M: Ok, Blice for Mice™ then whatever
Burglars broke into Kanye West’s home.
As a result, 500 statues of Kanye West are missing.
gf: that guy hit on me, show him who’s boss
me: *whispering to guy* she is
Thank god my neighbors let their dogs out at 5am or I might actually sleep in on a Saturday.
The trend of people going back to film cameras is a great reminder that new technology isn’t the best for everything, and also that not everyone is good at photography.

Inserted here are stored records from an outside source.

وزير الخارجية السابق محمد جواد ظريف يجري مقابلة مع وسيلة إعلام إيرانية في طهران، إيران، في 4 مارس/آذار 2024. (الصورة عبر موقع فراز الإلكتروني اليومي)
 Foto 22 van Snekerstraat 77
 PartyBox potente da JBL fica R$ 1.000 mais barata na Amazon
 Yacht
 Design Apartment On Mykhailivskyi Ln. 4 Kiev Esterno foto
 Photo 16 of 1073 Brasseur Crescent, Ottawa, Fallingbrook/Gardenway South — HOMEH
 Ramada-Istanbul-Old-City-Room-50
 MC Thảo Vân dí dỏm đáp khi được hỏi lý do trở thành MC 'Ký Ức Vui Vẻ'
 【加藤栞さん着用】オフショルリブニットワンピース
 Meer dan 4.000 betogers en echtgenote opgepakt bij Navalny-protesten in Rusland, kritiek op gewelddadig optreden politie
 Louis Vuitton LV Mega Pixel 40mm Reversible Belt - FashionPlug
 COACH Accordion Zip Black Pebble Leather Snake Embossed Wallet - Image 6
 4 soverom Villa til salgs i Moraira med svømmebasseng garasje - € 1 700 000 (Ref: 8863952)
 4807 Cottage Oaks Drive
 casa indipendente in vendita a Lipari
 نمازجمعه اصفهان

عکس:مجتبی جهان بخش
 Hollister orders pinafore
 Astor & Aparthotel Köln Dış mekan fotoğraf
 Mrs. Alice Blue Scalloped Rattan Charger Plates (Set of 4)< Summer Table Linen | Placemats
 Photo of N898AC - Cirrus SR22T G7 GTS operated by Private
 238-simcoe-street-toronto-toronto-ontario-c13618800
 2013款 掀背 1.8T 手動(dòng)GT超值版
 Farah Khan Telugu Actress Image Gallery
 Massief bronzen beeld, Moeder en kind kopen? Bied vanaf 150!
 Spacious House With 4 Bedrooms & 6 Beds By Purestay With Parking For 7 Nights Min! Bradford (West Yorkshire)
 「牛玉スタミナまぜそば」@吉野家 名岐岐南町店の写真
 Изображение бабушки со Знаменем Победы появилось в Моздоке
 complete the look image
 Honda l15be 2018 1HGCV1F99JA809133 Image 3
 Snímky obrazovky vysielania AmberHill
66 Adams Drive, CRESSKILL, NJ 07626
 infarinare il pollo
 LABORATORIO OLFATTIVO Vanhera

you know you’re a little too deep into true crime when you call the windows in your house “points of entry.”
Maybe print wouldn’t be dying if they still employed tough dirty children to yell at me to read all about it
[first day as a teacher]
*smashes chair on ground*
“Do I have your attention now?!?”[the lamaze class seems confused]
[ad for milk]
give your Skeleton strength for the war to come
wife: I know we had plans tonight but I’ve been stuck in traffic for an hour and I just want to come home and relax
me [unaware that we had plans] Ok
date: I wrote a book on lions
me: *mouthful of pasta* wouldn’t paper have been easier?
me: the grinch robbed me! I woke up to iron my christmas jeans—
whoville 911: what was that
me: the grinch robbed me
whoville 911: no the weird part
A load of falling lizards is called a blizzard, right??